"In late January, as Treasury Secretary Geithner prepared his proposal for handling the banking crisis, administration officials avoiding seeking input from Wall Street. "Those people are tainted," said one aide at the time. "Why would we consult the very executives who got us into this mess?" (...)
The administration's initial approach contrasted with those of the last two White Houses. Robert Rubin left Goldman Sachs Group to become one of Bill Clinton's top economic advisers, and convinced the new president that what was good for Wall Street was good for America. Under President George W. Bush, the administration "looked up to and admired Wall Street," says one banker. "The Obama folks don't even like us.""
"Meanwhile, Treasury Secretary Timothy Geithner and his colleagues worked the phones to try to line up support on Wall Street for the plan announced Monday. (...) Some bankers say they turned the conversations into complaints about the antibonus crusade consuming Capitol Hill. Some have begun "slow-walking" the information previously sought by Treasury for stress-testing financial institutions, three bankers say, and considered seeking capital from hedge funds and private-equity funds so they could return federal bailout money, thereby escaping federal restrictions."
"But as the furor intensified, Mr. Obama's words to Congress -- "we cannot govern out of anger" -- seemed to take on less importance. Last week, he was asked by reporters on the White House South Lawn whether anger was getting in the way of pushing through banking reforms. "I don't want to quell anger," he replied. "I think people are right to be angry. I'm angry."

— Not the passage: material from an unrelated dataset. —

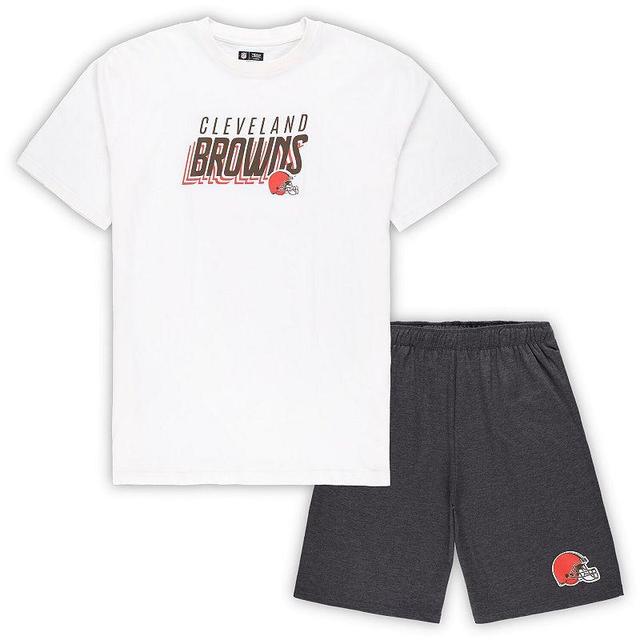 Men's Concepts Sport White/Charcoal Cleveland Browns Big & Tall T-Shirt and Shorts Set Product Image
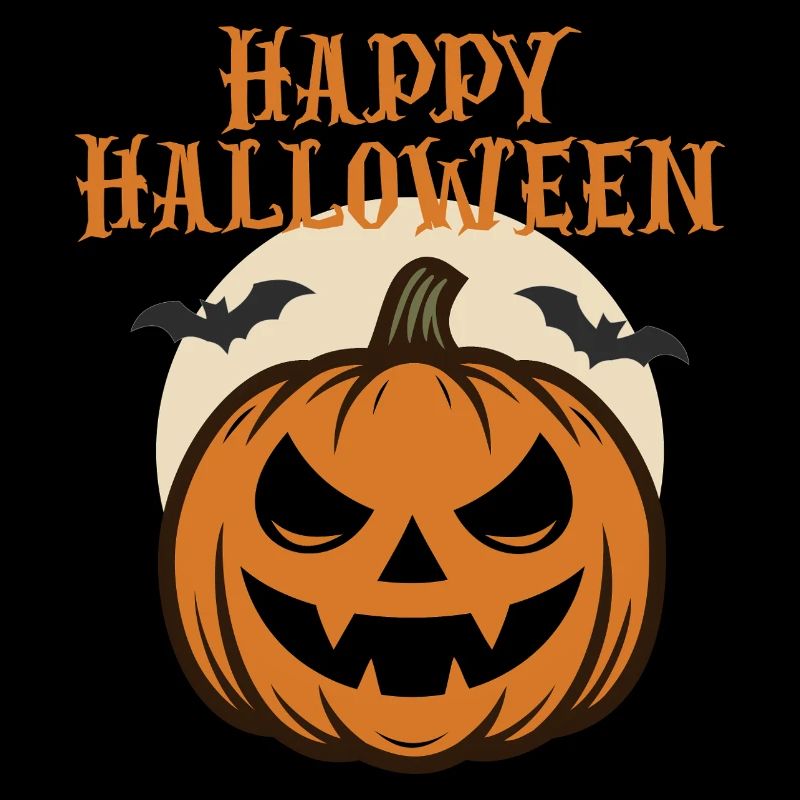 Happy Halloween Pumpkin with Bats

Bankers were shell-shocked, especially when Congress moved to heavily tax bonuses. When administration officials began calling them to talk about the next phase of the bailout, the bankers turned the tables. They used the calls to lobby against the antibonus legislation, Wall Street executives say. Several big firms called Treasury and White House officials to urge a more reasonable approach, both sides say. The banks' message: If you want our help to get credit flowing again to consumers and businesses, stop the rush to penalize our bonuses."
"Not to sound naive about this, but the absence of patriotism that galls. The lack of responsibility is sickening. These bankers delivered an almost mortal wound to the American economy. Their actions threw millions out of work and wrecked the retirement savings of tens of millions more. It is no exaggeration to say that they will cost us more than 9/11. (...)
That we even need a new raft of compensation regulations strains the boundaries of credulity. It makes you question the values of your countrymen. They were the principle beneficiaries of a decade-long bubble that they inflated. These Ivy League bundles of privilege were given every possible advantage and then took yet more than that. They took the advantages of high school seniors applying to college this year or entering the workforce next year. They took the advantages of seniors who had saved for retirement and parents who had invested to build their own business. And now they're refusing to help defuse the bomb at the center of our economy unless we pay them retention bonuses. Worse, they're threatening to flee the scene of the crime and make money off the carnage. That, it's been argued, is why we need to keep paying meeting their demands: Because we need them working for us rather than against us. It's chutzpah as the Yiddish define it: A child who kills his parents and then begs for lenience because he's a pitiable orphan. It's shameful."